The stakes are high as the CalPERS board debates whether to significantly decrease the nation's largest public pension fund's assumed rate of return, a move that could hamstring the budgets of contributing municipalities as well as prompt other public funds across the country to follow suit.


But if the retirement system doesn't act, pushing to achieve an unrealistically high return could threaten the viability of the $299.5 billion fund itself, its top investment officer and consultants say.


“Being aggressive, having a reasonable amount of volatility and (being) wrong could lead to an unrecoverable loss,” Andrew Junkin, president of Wilshire Consulting, the system's general investment consultant, told the board at a November meeting. CalPERS' current portfolio is pegged to a 7.5% return and a 13% volatility rate.


The chief investment officer of the California Public Employees' Retirement System and its investment consultants now say that assumed annualized rate of return is unlikely to be achieved over the next decade, given updated capital market assumptions that show a slow-growing economy and continued low interest rates.


Still, cities, towns and school districts that are part of the Sacramento-based system say they can't afford increased contributions they would be forced to pay to provide pension benefits if the return rate is lowered.

Of course, the math would seem to imply that a lower return assumption is warranted given low global interest rates and equity markets that are drastically overvalued by almost any historical measure.  Moreover, for 3 out of the past 5 calendar years, CALPERS has missed their 7.5% return threshold and their 10-year cumulative returns are 6.2%, a far cry from their 7.5% projection.

Only a year earlier, CalPERS investment staff and consultants had agreed that CalPERS was on the right track with its 7.5% figure. So confident were they that they urged the board to approve a risk mitigation plan that did lower the rate of return, but over a 20-year period, and only when returns were in excess of the 7.5% assumption.


Two years of subpar results — a 0.6% return for the fiscal year ended June 30 and a 2.4% return in fiscal 2015 — reduced views of what CalPERS can earn over the next decade. Mr. Junkin said at the November meeting that Wilshire was predicting an annual return of 6.21% for the next decade, down from its estimates of 7.1% a year earlier.

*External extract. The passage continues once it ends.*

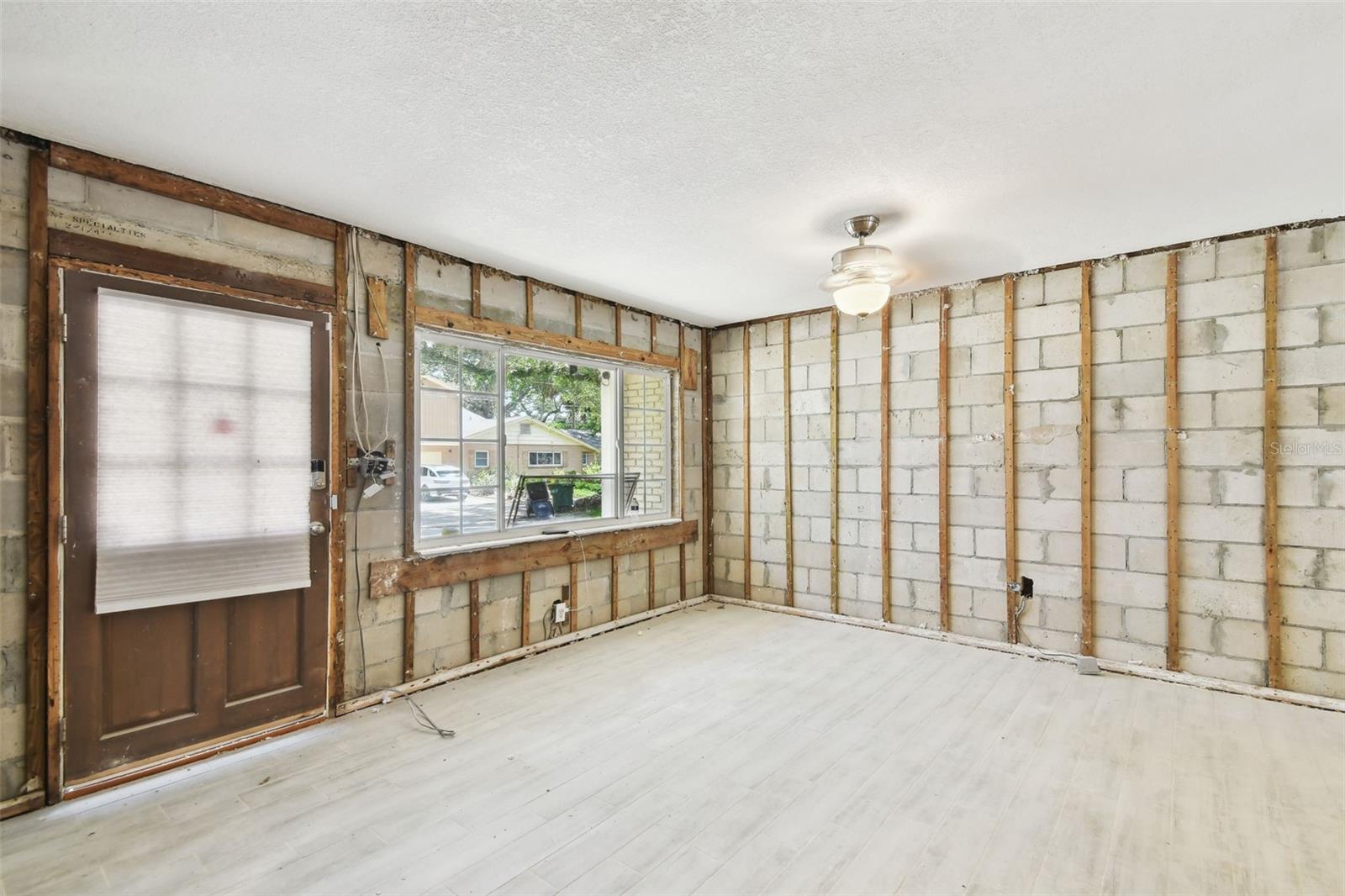 Image 5 of 44 For 5107 Azeele Street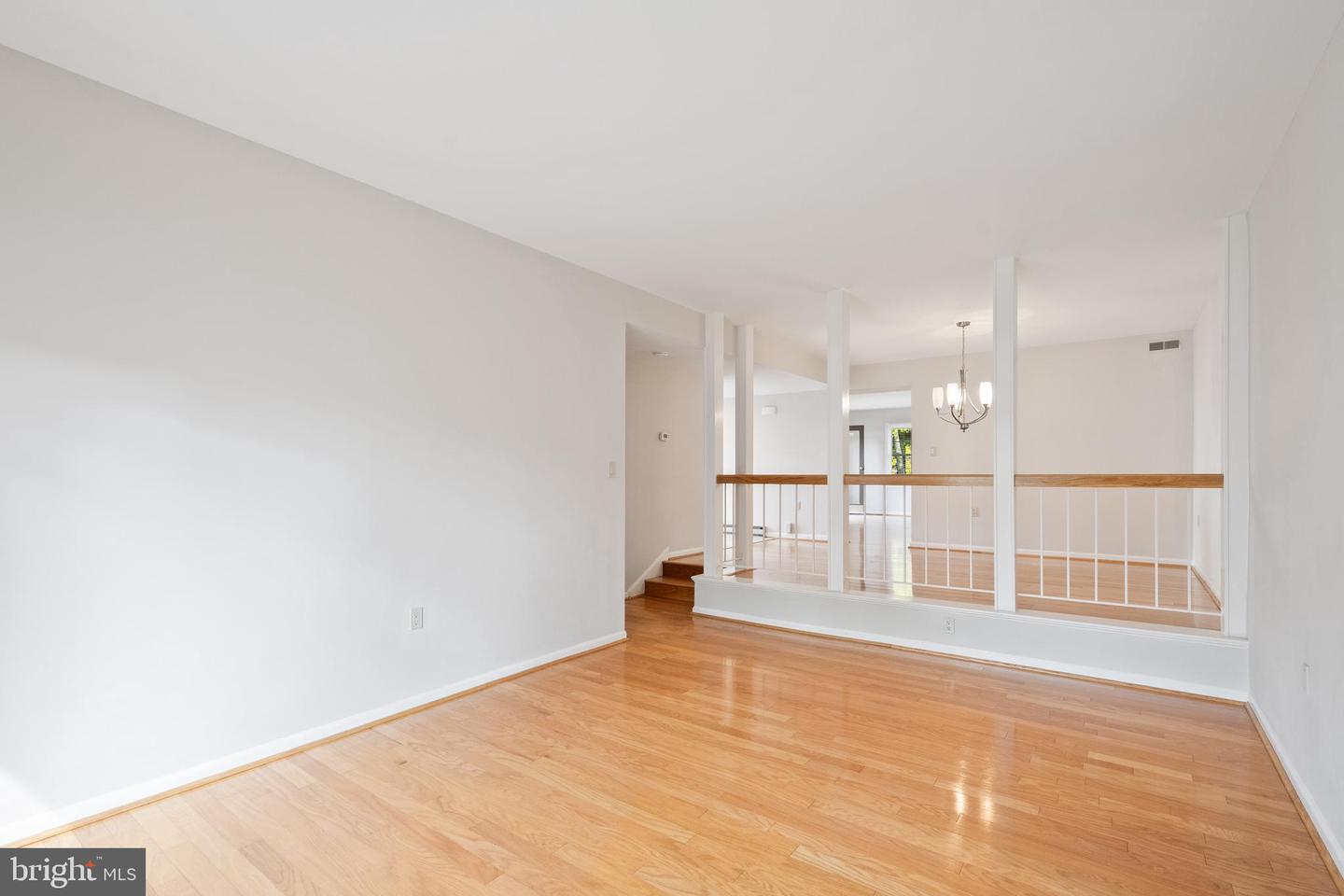 VIENNA, Virginia 22180, 4 Bedrooms Bedrooms, ,2 BathroomsBathrooms,Residential,For sale,VAFX2276786 MLS # VAFX2276786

Indeed, Mr. Junkin and Mr. Eliopoulos said the system's very survival could be at stake if board members don't lower the rate of return. “Being conservative leads to higher contributions, but you still have a sustainable benefit to CalPERS members,” Mr. Junkin said.




Of course, mathematical realities have to be weighed against the risk of disrupting the ponzi scheme and forcing several California cities to the brink of bankruptcy.

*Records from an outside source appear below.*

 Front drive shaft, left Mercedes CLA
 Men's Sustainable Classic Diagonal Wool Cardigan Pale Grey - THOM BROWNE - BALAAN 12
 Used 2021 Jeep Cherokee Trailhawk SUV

But a CalPERS return reduction would just move the burden to other government units. Groups representing municipal governments in California warn that some cities could be forced to make layoffs and major cuts in city services as well as face the risk of bankruptcy if they have to absorb the decline through higher contributions to CalPERS.


“This is big for us,” Dane Hutchings, a lobbyist with the League of California Cities, said in an interview. “We've got cities out there with half their general fund obligated to pension liabilities. How do you run a city with half a budget?”


CalPERS documents show that some governmental units could see their contributions more than double if the rate of return was lowered to 6%. Mr. Hutchings said bankruptcies might occur if cities had a major hike without it being phased in over a period of years. CalPERS' annual report in September on funding levels and risks also warned of potential bankruptcies by governmental units if the rate of return was decreased.

And, just to confirm the ponzi, P&I points out that for the 2015 fiscal year, CALPERS paid out roughly $5BN more in benefits than they received in contributions.

Compounding the problem is that CalPERS is 68% funded and cash-flow negative, meaning each year CalPERS is paying out more in benefits than it receives in contributions, Mr. Junkin said. CalPERS statistics show that the retirement system received $14 billion in contributions in the fiscal year ended June 30 but paid out $19 billion in benefits. To fill that $5 billion gap, the system was forced to sell investments.


CalPERS has an unfunded liability of $111 billion and critics have said unrealistic investment assumptions and inadequate contributions from employers and employees have led to the large gap.

We've seen this battle between math/logic and politicians played out numerous times in states all across the country.  Somehow we suspect that "math/logic" will continue to lose...better to bury your head in the sand for a couple of more years and pretend there is no problem.